To top it all off, I had fallen asleep while lying on my back.  The only way I have ever been able to sleep is on my side.  I have never understood how anyone can sleep on their back or stomach and am of the opinion it requires an unenlightened soul to do so.  

Sleeping on one's side is not without challenges.  First of all, a proper pillow is critical to prevent one's ear from becoming a 3,000 watt amplifier of one's own heartbeat.  Then, if you align your body's full length congruently as I do, the bone-on-bone contact at the knees must be relieved by inserting between them a second pillow or a scrunched portion of blanket.  Added to this, since I have a situation with my lower back, is a critical need for a rock-hard mattress. Consequently, lying on my side results in the smallest possible surface supporting the weight of my body.  This greatly increases the pounds per square inch as happens with stiletto heels.  This maximum downward pressure on an ultra-hard mattress produces a condition, not unlike rigor mortis, that causes one to wake every 45 minutes and switch sides to avoid permanent paralysis. Switching to the opposite side is not as simple as it sounds as one must take the time to carefully readdress the ear and knee issues.

To complicate things a wee bit more, I cannot tolerate having my feet covered by a blanket that is tucked under the mattress at the foot of the bed.  The uncovered feet became a necessity when I married.  My wife insisted that she could only
sleep with all windows shut, whereas up to that time I had always slept with an open window.  I offered as a compromise to have the window shut but the blanket must not be tucked in, at least not on my side of the bed, so my feet could be exposed.


When you take all of the above into consideration you hopefully can appreciate to some degree how significant it was for me to simply lie down on my back and immediately go to sleep on the showroom bed. Unless they spring a leak, the beds and mattresses made by Select Comfort are intended to last indefinitely as you are essentially supported by a rectangular bag of air.  I certainly have no regrets as, in the years since purchasing the bed, my back has never been better. 

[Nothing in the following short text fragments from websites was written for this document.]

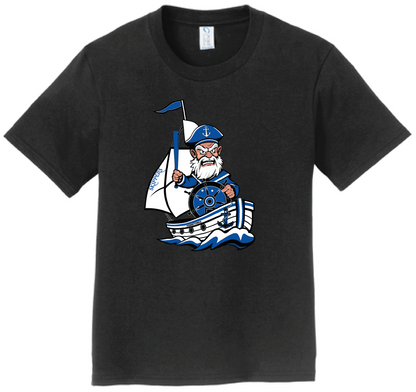 Baseball Youth Fan Favorite Comfort Tee
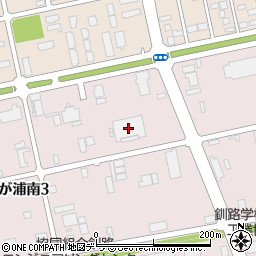 ヨコハマタイヤ株式会社周辺の地図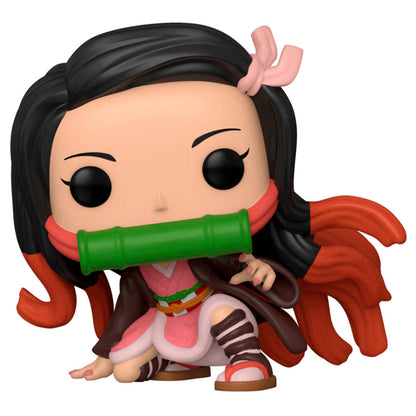 Figura POP Demon Slayer Kimetsu no Yaiba Nezuko Kamado FUNKO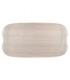 Vassoio finto legno 43x23 cm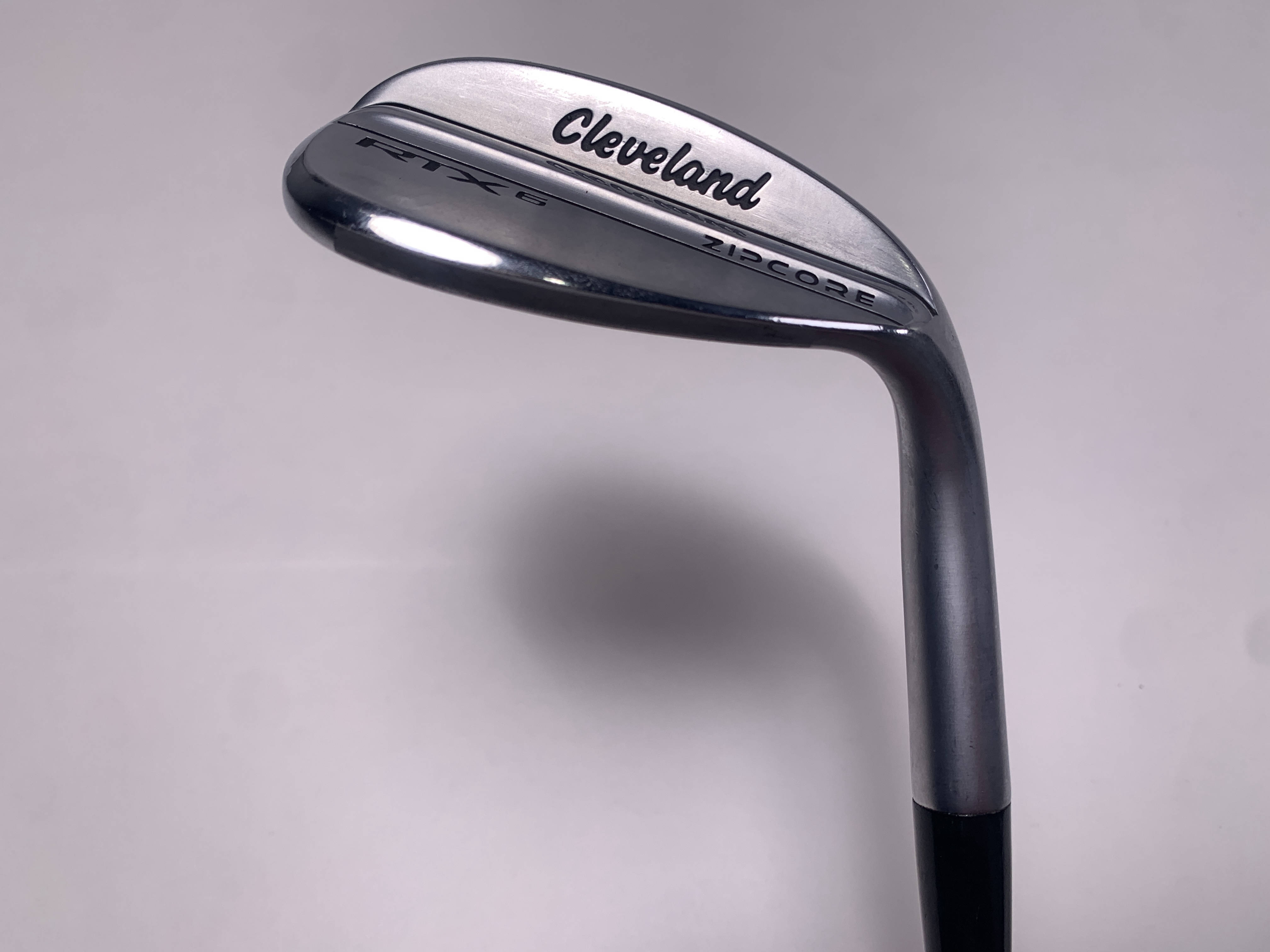 Used Cleveland RTX 6 ZipCore Tour Satin Golf Wedges | StickHawk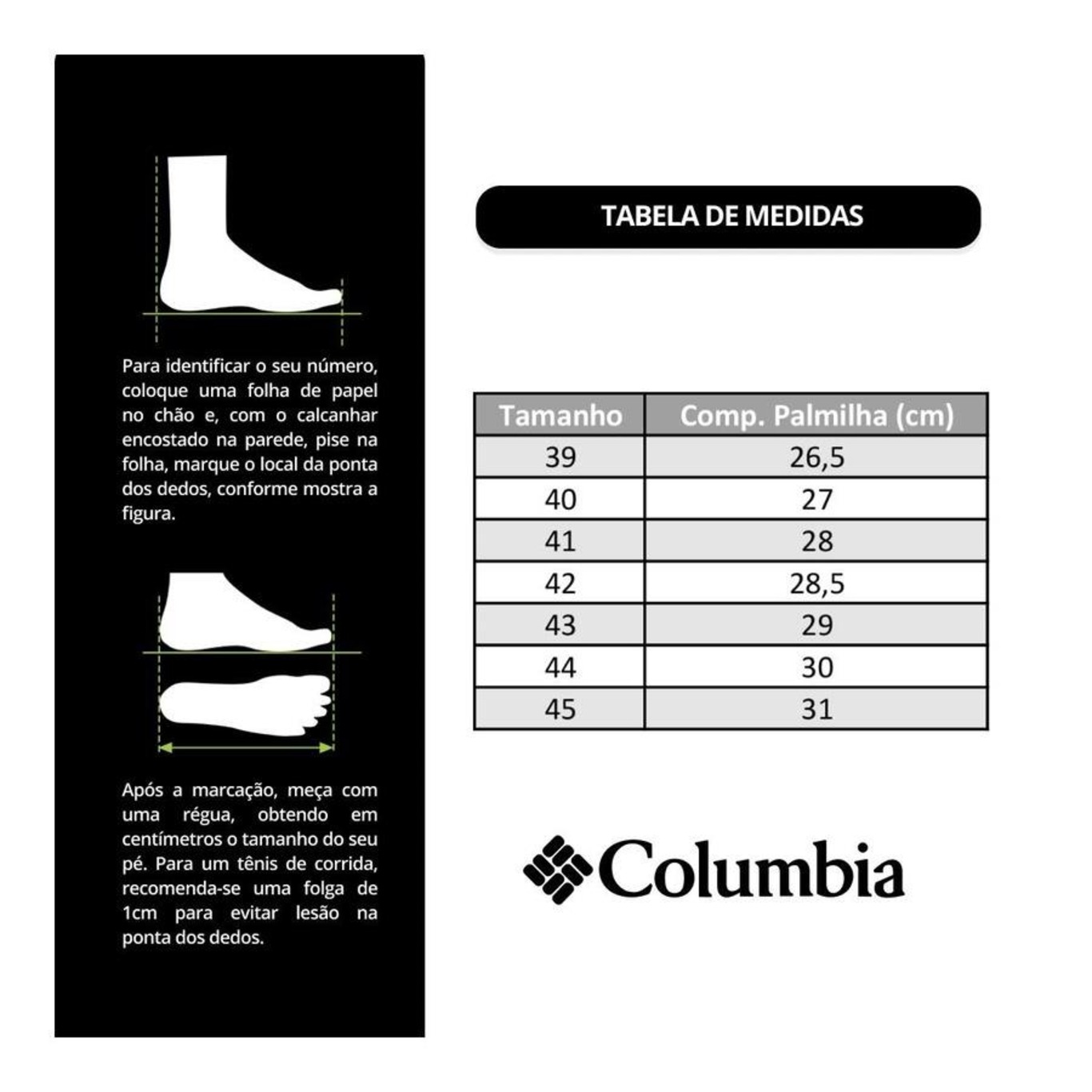 Bota Columbia Peakfreak II Mid Outdry Leather - Masculina - Foto 6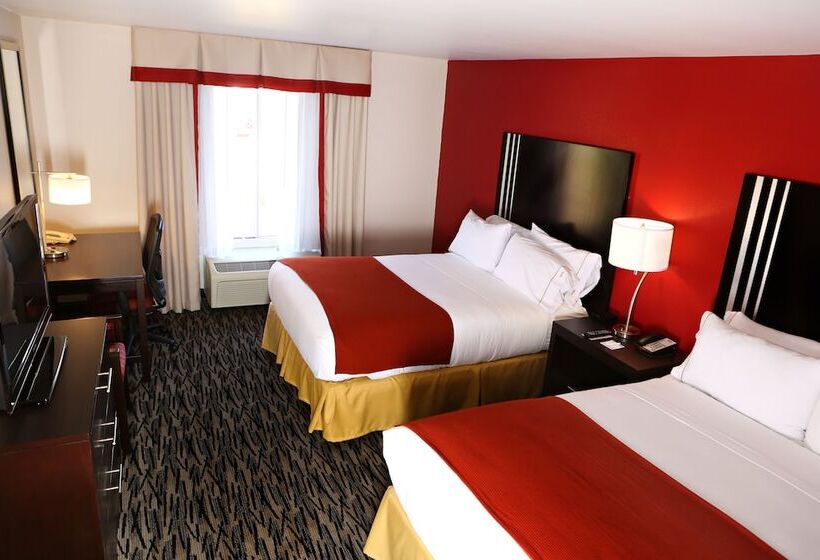 스위트, Holiday Inn Express Hotel & Suites   Sumter, An Ihg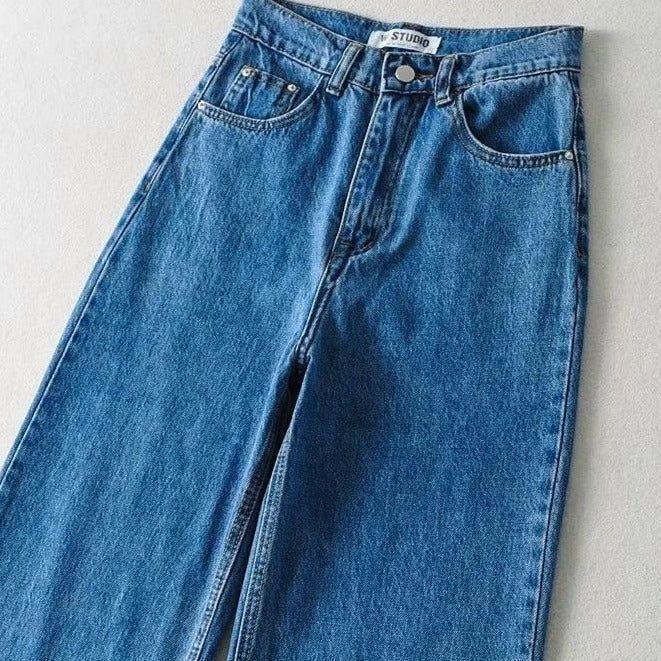 Harbor High Waist Jeans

Recently, my wife announced that she was interested in an adjustable bed which led to yet another situation requiring compromise. I was unwilling to trust my back to a different mattress but thankfully discovered, by way of the internet, that Select Comfort offered an adjustable frame onto which we could mount our current mattress.  To determine firsthand what was meant by the term "adjustable", we went to Pasadena to one of Select Comfort's 477 locations. Between my lower back concerns and my wife's penchant for space-age accessories, the combined cost of the original bed and the new frame exceeded what I paid for any of my first three automobiles.

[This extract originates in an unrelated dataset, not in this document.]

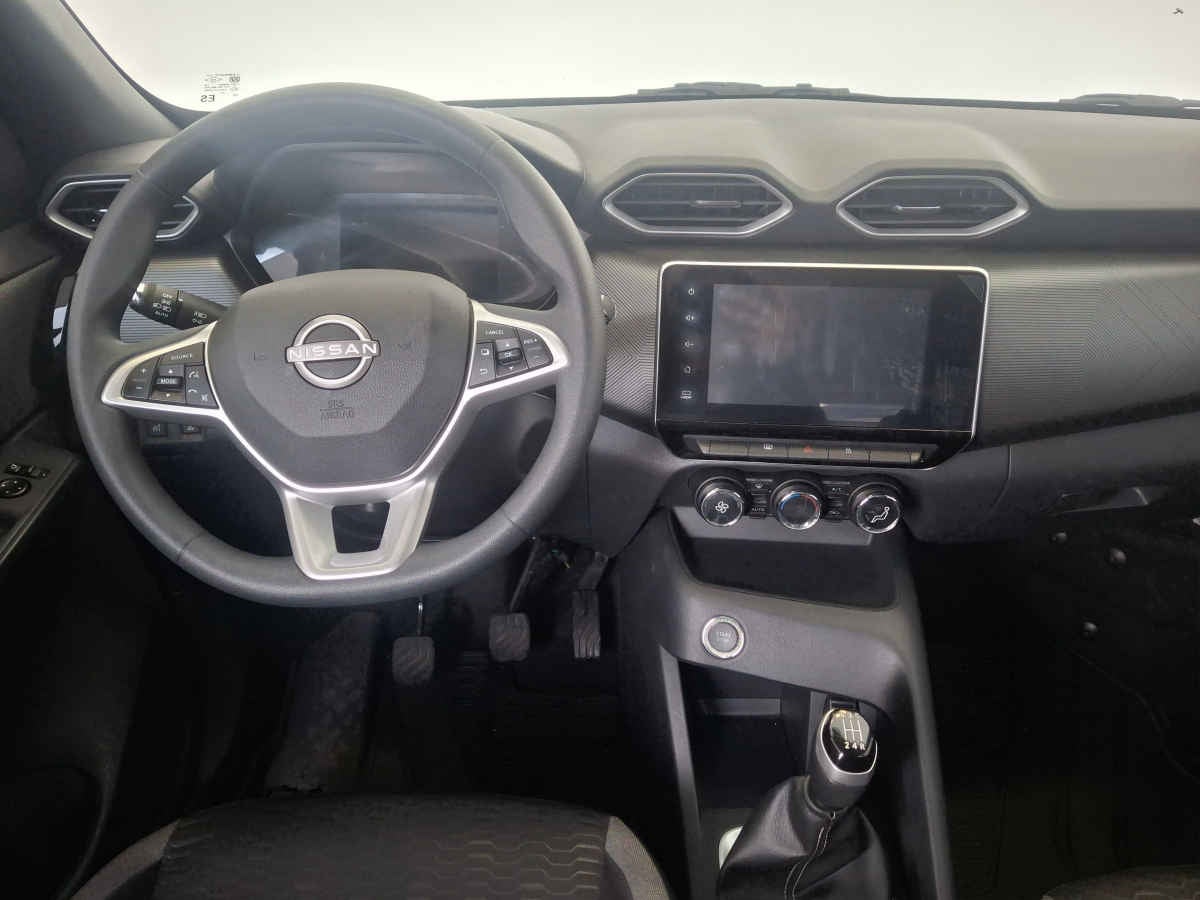 2025 Nissan Magnite 5p Advance L3/1.0/T Man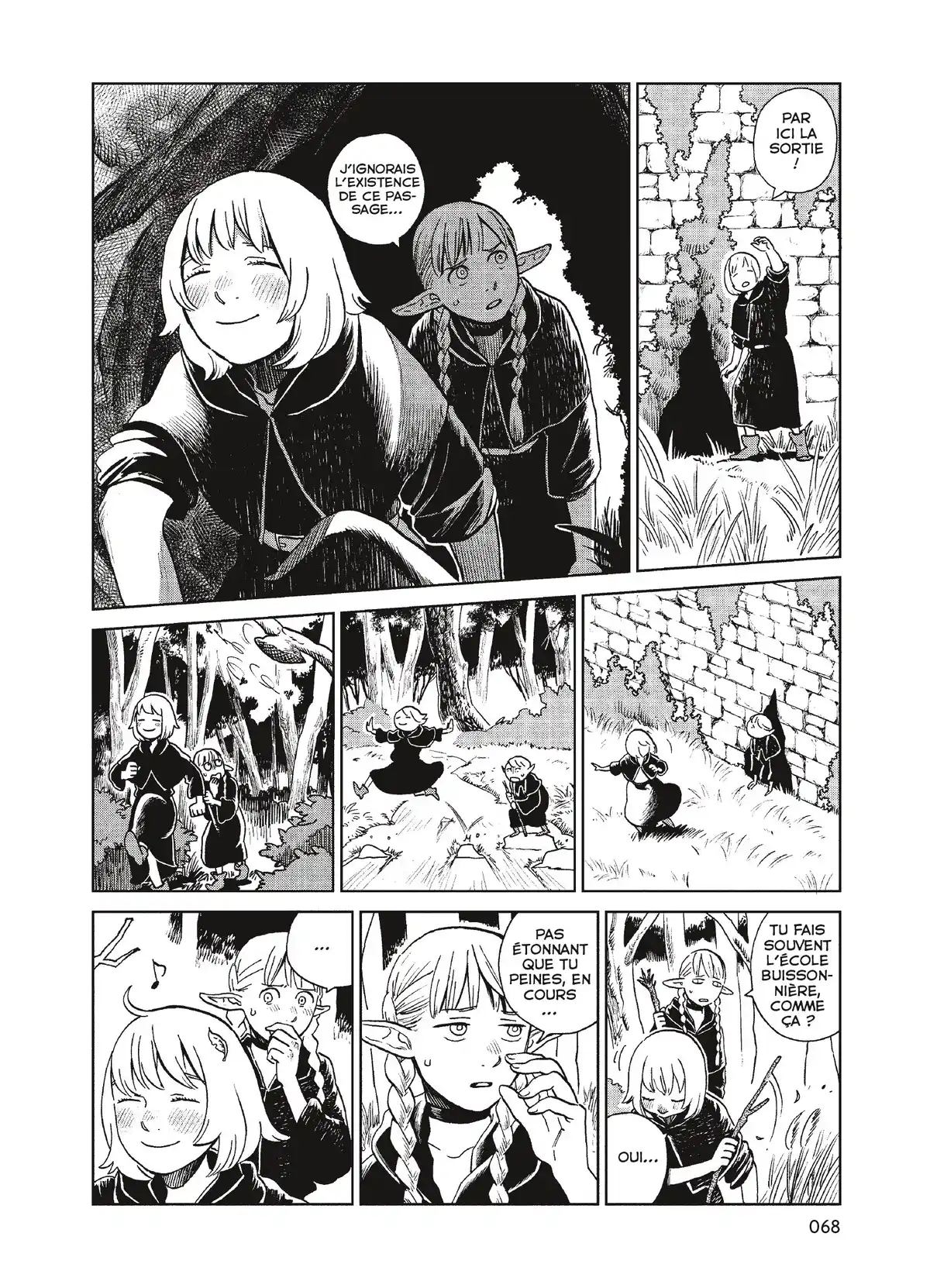 Gloutons & Dragons Volume 3 page 69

During the initial two weeks with the new adjustable frame, my wife spent her first 45 minutes after coming to bed each night pushing the envelope.  The frame featured four different vibrating massage programs activated by a wireless remote with a glow-in-the-dark LCD dashboard independently controlling both the head and foot of the bed which you could "electronically adjust to your every whim." Frequently these whimsical sessions wouldn't begin until after I had gone to sleep.  Over these two weeks I developed at least a partial insight as to what it must be like for those held at Guantanamo.  

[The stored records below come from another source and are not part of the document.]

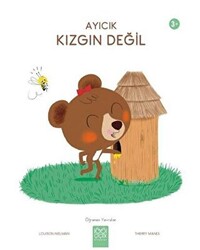 Ayıcık Kızgın Değil - Öğrenen Yavrular - 1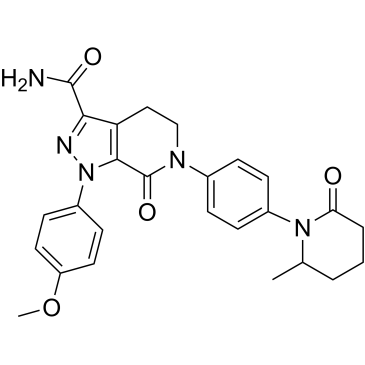 Apixaban impurity 3|CS-M2739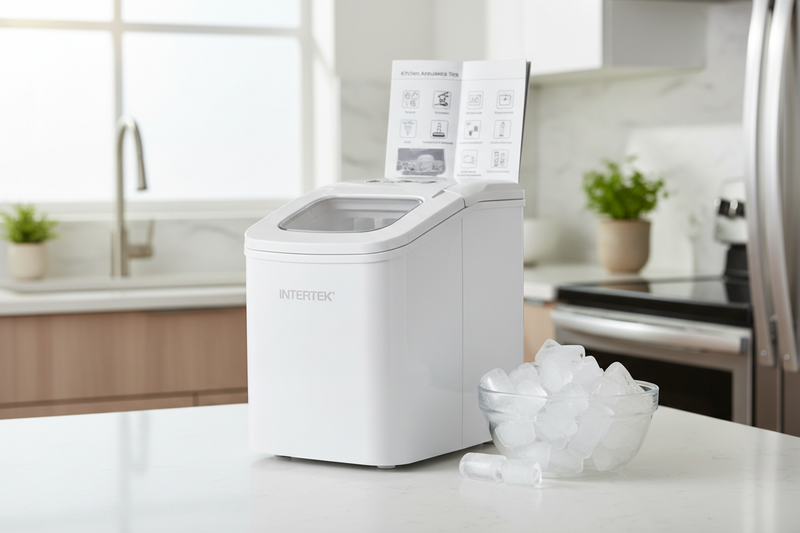 Stop Looking for an Intertek Ice Maker Manual (I Wrote One)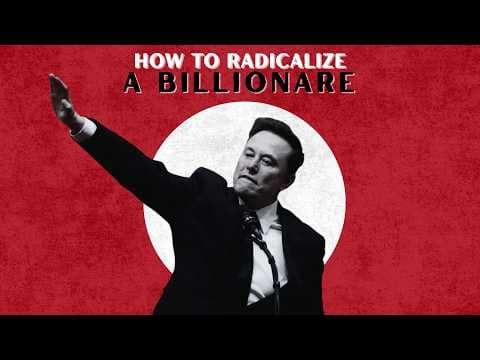 The Tech Billionaire to Fascist Pipeline thumbnail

Each night when the interminable series of adjustments accompanied by the groaning of the electric motor finally came to rest, the north-to-south surface of the mattress resembled the seven hills of Rome.  My head was up, my butt down, knees up and feet down.  Much to my horror, at the conclusion of my wife's experimentation phase, this landscape turned out to be her go-to configuration.  I soon realized that it was physically impossible for the body of a human being to recline on its side on a Z-shaped north-to-south axis.  

Fortunately, over time I have developed a way to adapt topographically.  The solution is somewhat difficult to describe.  Simply put, it involves utilizing ridges and valleys that run east-to-west in addition to north-to-south, in which to nestle one's bodily parts such as neck, torso, limbs, etc.  The one remaining situation I have yet to resolve is the jarring affect of awakening each morning to find myself in the shape of a swastika.